Igor Grossmann

Sanaz Talaifar

Professor of Psychology
University of Waterloo

Abstract

Although AI has become increasingly smart, its wisdom has not kept pace. In this talk, I examine what is known about human wisdom and sketch a vision of its AI counterpart. I analyze human wisdom as a set of strategies for solving intractable problems-those outside the scope of analytic techniques-including both object-level strategies like heuristics [for managing problems] and metacognitive strategies like intellectual humility, perspective-taking, or context-adaptability [for managing object-level strategies]. I argue that AI systems particularly struggle with metacognition; improved metacognition would lead to AI more robust to novel environments, explainable to users, cooperative with others, and safer in risking fewer misaligned goals with human users. I discuss how wise AI might be benchmarked, trained, and implemented.

Bio

Igor Grossmann is a Professor of Psychology at the University of Waterloo.
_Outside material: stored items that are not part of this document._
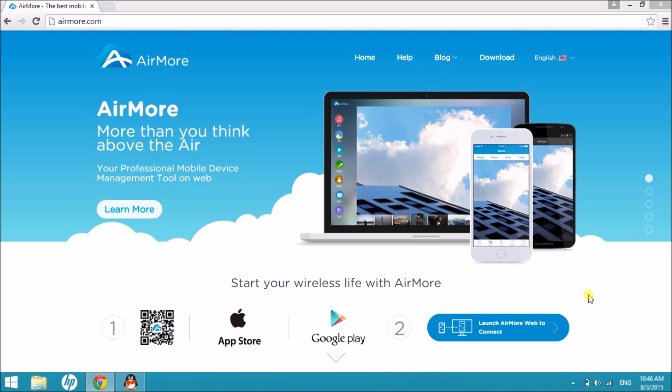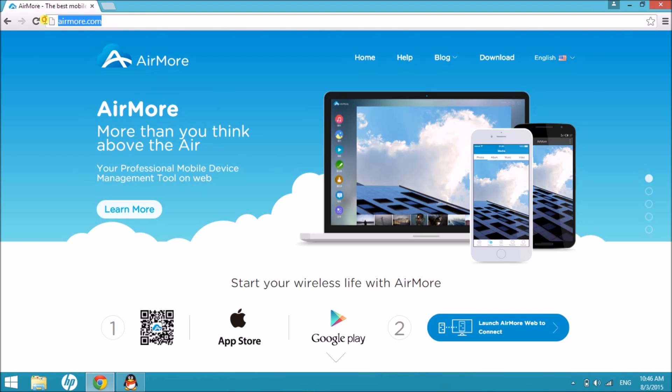Hi guys! Today I'll show you how to connect Android to PC using AirMore. First, we need to go to its page airmore.com and then download the application on your Android phone from Google Play.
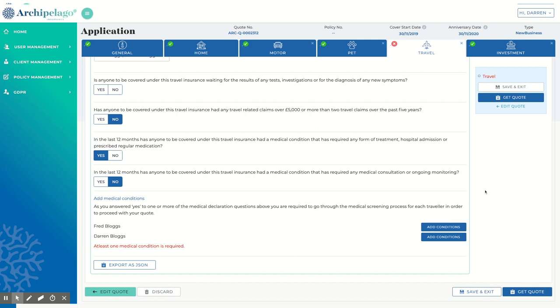Once all the information has been added, proceed on to investment property or click Get Quote.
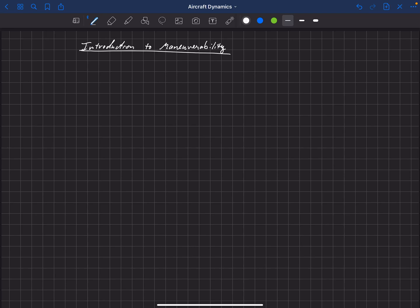Welcome, everyone. We're now going to talk about aircraft maneuverability. Maneuverability is a really important topic and it fits into aircraft dynamics. It also has a component of statics that we're going to be talking about as well.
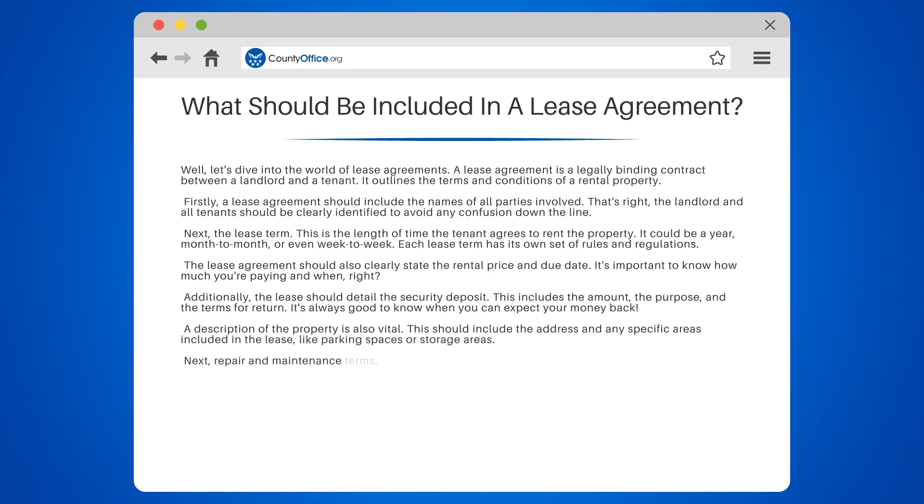Next, repair and maintenance terms. Who's responsible for what? This section will answer that question.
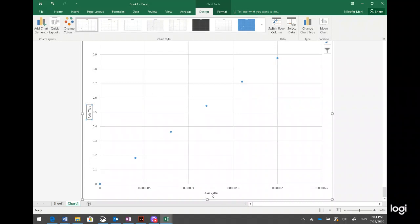Now I can see the axis title for the x-axis and the title for the y-axis. I can add the title text and don't forget to add units — these are very important, as I explained in graphing techniques in Topic 4, and here it's much faster.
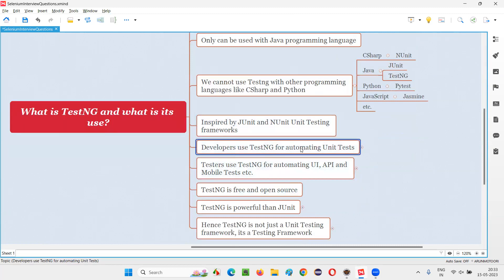Developers use TestNG for automating unit tests. What is unit testing? The entire code written by developers for a software application can be broken down into the smallest chunks that cannot be broken further — those are called units. If you break the entire application code into multiple such units and test each unit separately and independently, that is called unit testing. To automate this unit testing, developers use a framework known as TestNG, particularly when the programming language is Java.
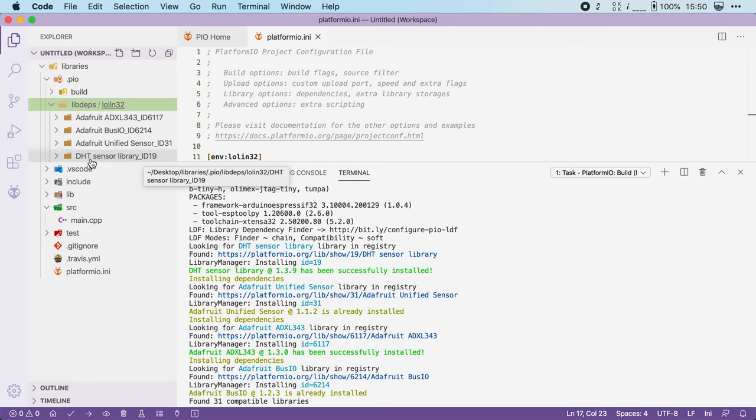Now this was all downloaded by the library manager and it's being kept up to date automatically. Pretty cool, right?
His interdisciplinary research bridges philosophy, anthropology, computer science, economics, and psychology to study human judgment and wisdom. He developed the Common Wisdom Model, exploring how cultural and environmental factors shape decision-making and whether wisdom is a distinct human capacity. Grossmann is advancing the cutting edge of psychological and social sciences by pioneering the use of Large Language Models (LLMs) and Natural Language Processing (NLP) to analyze complex narratives and societal dynamics at scale. He founded the international Wise Judgment Consortium and the Forecasting Collaborative, leveraging these computational techniques to challenge Western-centric views of decision-making. An Elected Council Member of the College of the Royal Society of Canada and recipient of major awards from the APA, APF, APS, and SPSP, he also co-hosts the On Wisdom Podcast and has lead the Futurescape and World-after-COVID initiatives.